┌─ Information shown
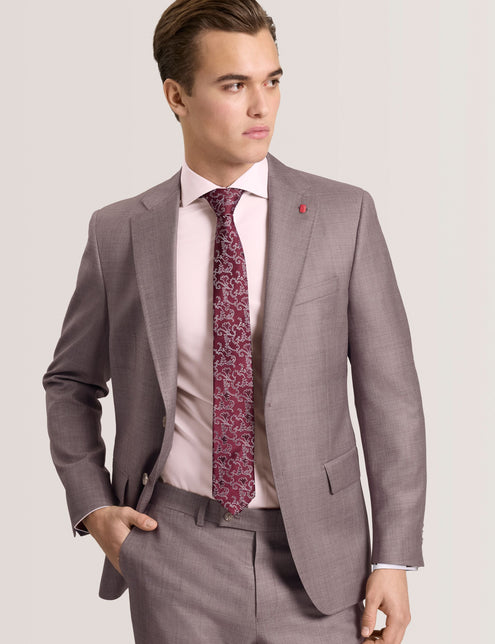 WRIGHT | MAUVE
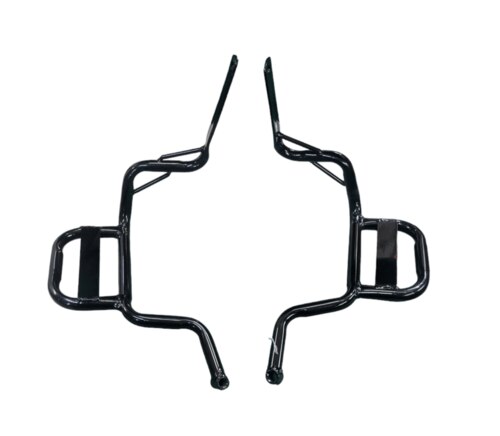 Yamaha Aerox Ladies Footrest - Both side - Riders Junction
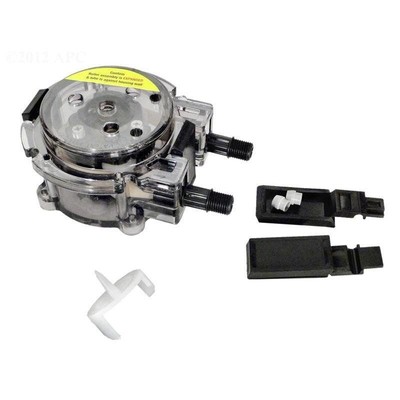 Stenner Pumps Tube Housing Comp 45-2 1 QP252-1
└─
§ **Exercise goal**
Drop the images; restate the listing exactly.

§ **Answer for this exercise**
 WRIGHT | MAUVE
 Yamaha Aerox Ladies Footrest - Both side - Riders Junction
 Stenner Pumps Tube Housing Comp 45-2 1 QP252-1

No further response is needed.